The visual style is quite modern. They linger appropriately on machinery and industry, and the footage — of a conductor’s hands on the wheel of the train, on tinder boxes, on track rails, etc. — is very effective.
We see bits of Wesley Mouch, James Taggart, and Ellis Wyatt bickering on television over oil, industry, etc. A lot of exposition was being thrown out.
As the train hurtles past, we see a close up of a split rail on the track ahead. This train is hurtling towards disaster.
Then it cuts to footage of Congress passing the “Fair Pay” act, making it impossible to fire anyone from any company that is still making money.
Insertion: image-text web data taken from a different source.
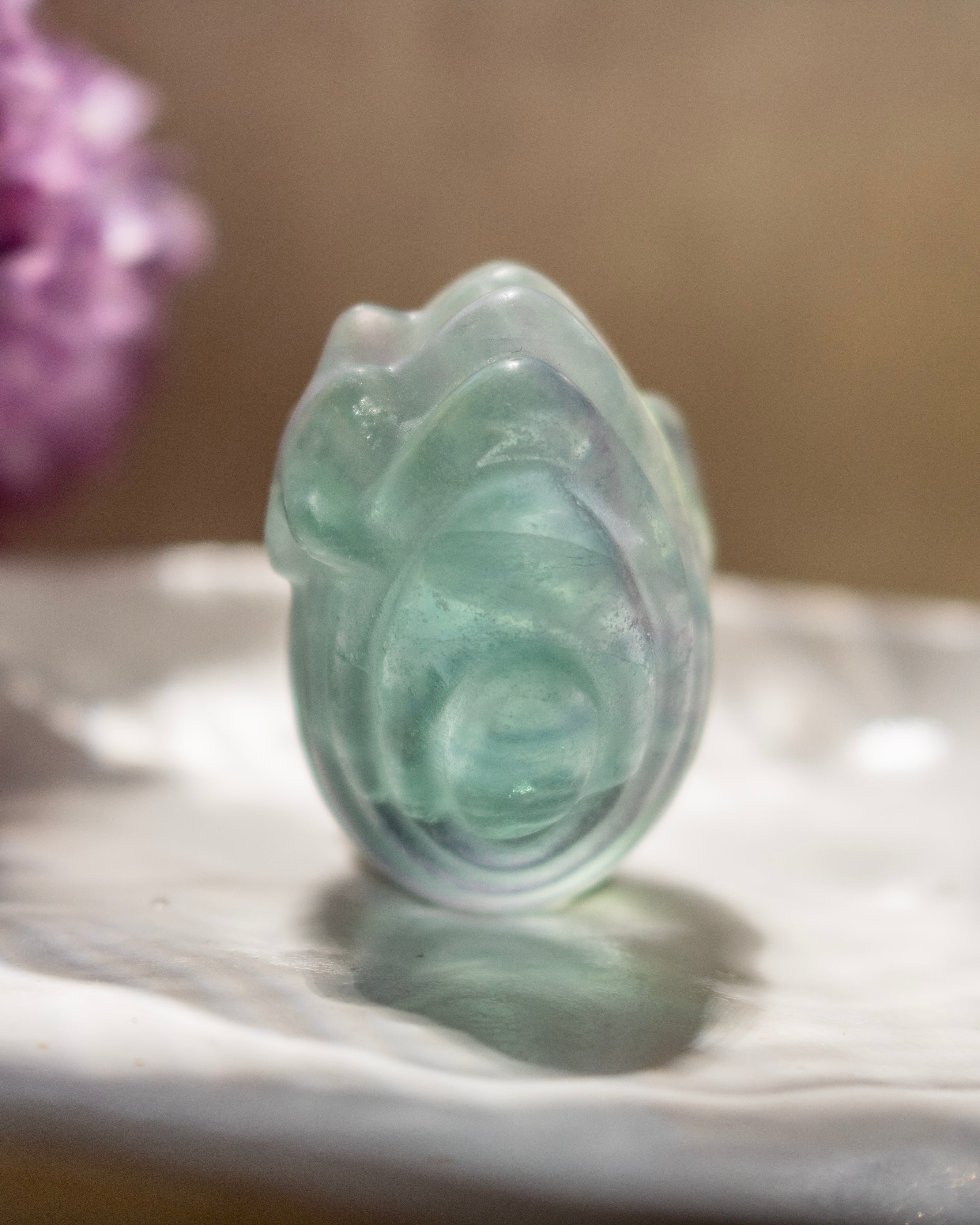 Translucent green jade carving on a marble surface with a blurred background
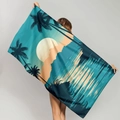 Microfiber beach towel with sunset palm tree print being held by a model - Tropical Sunset Palm Trees (STMJ02-2)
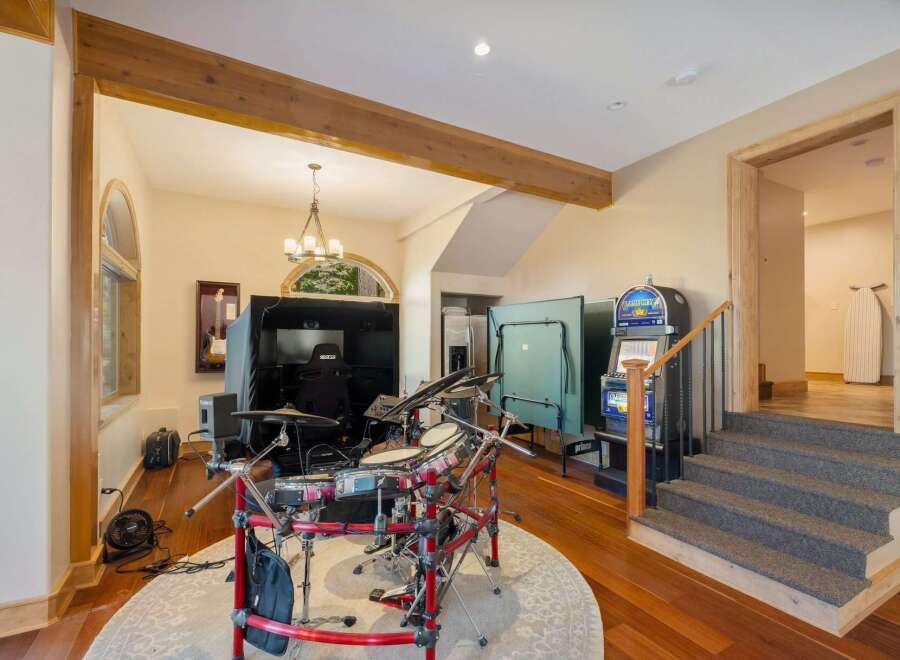 This entertainment room offers a variety of fun activities, including a digital drum set and arcade games.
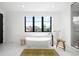 Bright bathroom featuring a soaking tub, modern fixtures, a large window, and minimalist decor at 1241 S Garfield St, Denver, CO 80210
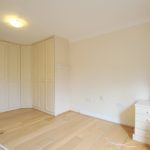 Empty room with wooden floor and built-in wardrobes.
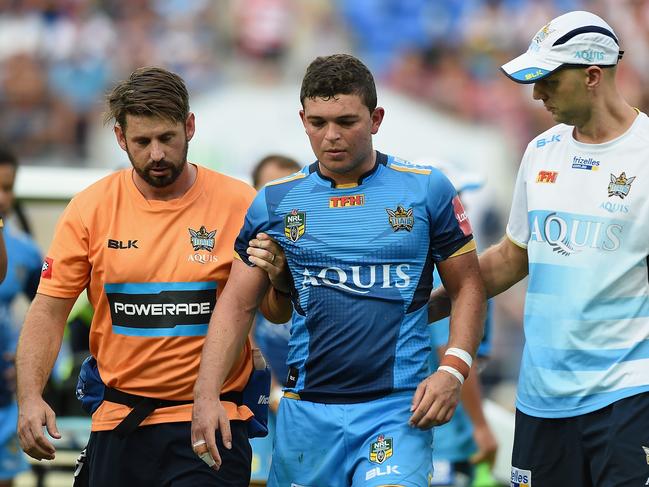 GOLD COAST, AUSTRALIA - APRIL 16: Ash Taylor of the Titans leaves the field injured during the round seven NRL match between the Gold Coast Titans and the St George Illawarra Dragons at Cbus Super Stadium on April 16, 2016 in Gold Coast, Australia. (Photo by Matt Roberts/Getty Images)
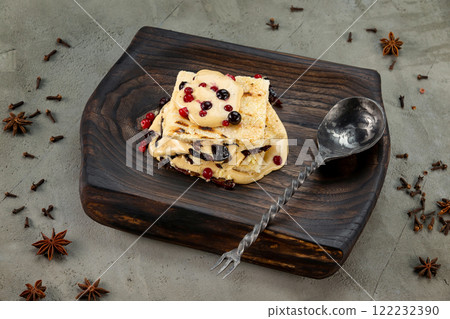 Closeup image of millefeulle with prunes and wild berries served with a spoon at wooden tray at concrete background. Closeup image of millefeulle with prunes and wild berries served with a spoon at wooden tray at concrete background. 122232390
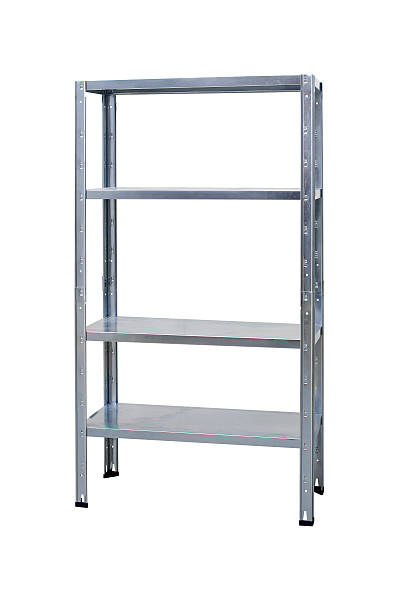 istock Empty metal storage shelf or rack isolated on white 585312460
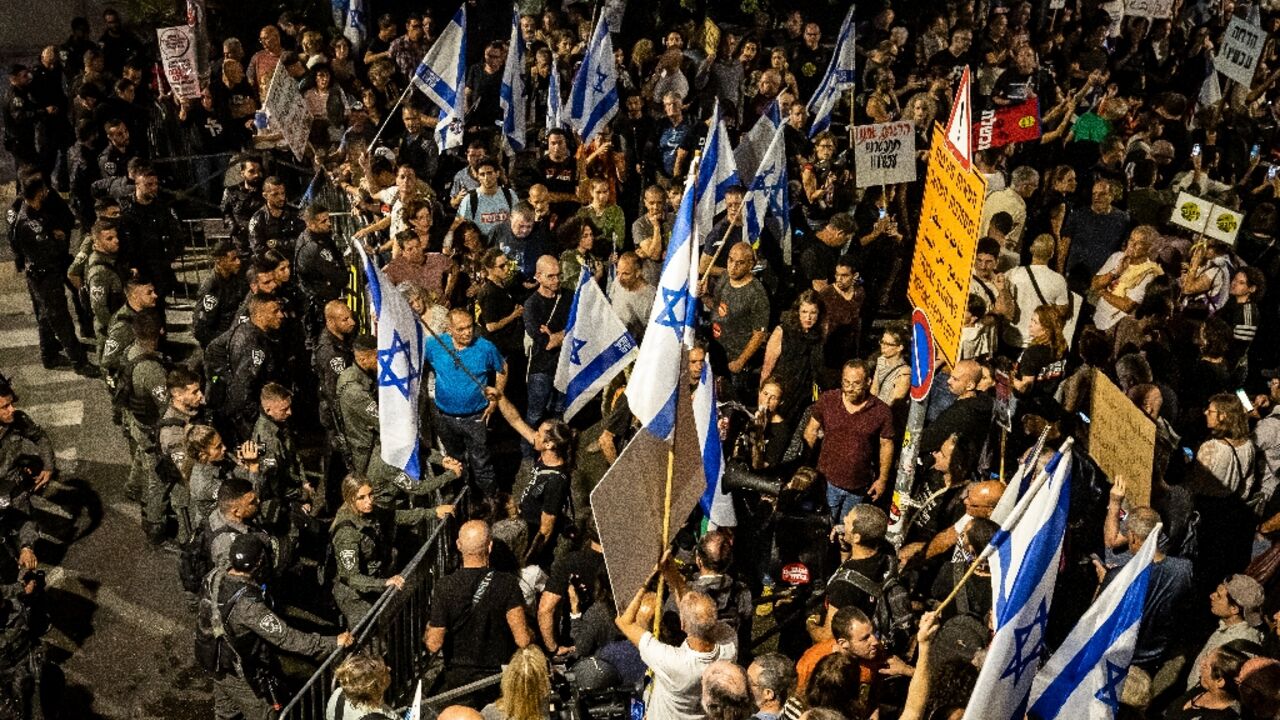 Security forces block a march by Israelis protesting the hard-right government's lack of preparedness for the October 7 attacks and its handling of the ensuing hostage crisis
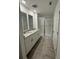 Modern bathroom featuring double sink vanity, a walk-in shower and tile floors at 16464 Happy Eagle Dr, Clermont, FL 34714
Ragnar Danneskjold appears in a newspaper headline: “Pirate Ragnar Strikes Again.”
Meanwhile, the train continues to hurtle towards disaster and is kicking up some thunder. The conductor sees the split rail and throws the brake, followed by a shower of sparks.
It then cuts to the exterior of a diner, where it’s raining. The graffiti on the wall reads “ON STRIKE,” which seems like a bit of a tell; but no first-time viewer would get spoiled by it, so let’s call it a subliminal hint.
Inside the Diner
A bum enters the diner, takes a booth, and starts swiping the Sweet’N Lows. The waitress asks him if he’s got any money. He says he’s got plenty. She says, “What happened to you, anyway?”
Then we see a close-up of bums face and he says, “Who is John Galt?”
On the TV screens in the diner, we see Taggart and Wyatt being interviewed: “Mr Taggart, your company is one of the few to survive in our current economic downturn, yet there have been dozens of derailments on your lines in the last year alone....”
Wyatt says, “You wouldn’t be going anywhere without oil.”
He and James bicker, and it is pretty personal in tone, with Wyatt lecturing James about how much better his father’s stewardship of TT was. Wyatt scolds him for opening a branch line in Mexico and neglecting his rails here.
Wesley Mouch is on TV talking about the crucial role of government, and how every company must lend a helping hand.
A dapper gentleman enters the diner and picks up a cherry pie. He is chummy with the waitress, saying, “Thank you, dear,” etc.
She says, “See you tomorrow, Mr. Mulligan”
Outside the Diner
“Midas Mulligan?” says a voice, as he walks in the rain.
“Who’s asking?” Mulligan says.
“Someone who knows what it is to work for himself and not to let others profit off his energy,” answers the man.
“That’s funny,” says Mulligan, “That’s exactly what I’ve been thinking.”
“We’re alike, you and I,” says the man.
“Who are you?” Mulligan asks.
Then it cuts to the “ATLAS SHRUGGED” title card.
To me, this exchange seemed stilted, and I’m a bit concerned about the screenwriting — not the organization of exposition, which seems to be going fine, but with the handling of iconic moments and the rendering of Rand’s dialogue.
The end of their conversation seemed abrupt, too, with a strange little fadeout. The producers still have months of post-production left to go, however, so I hope the dialogue dub is better-acted and the glitches are worked out.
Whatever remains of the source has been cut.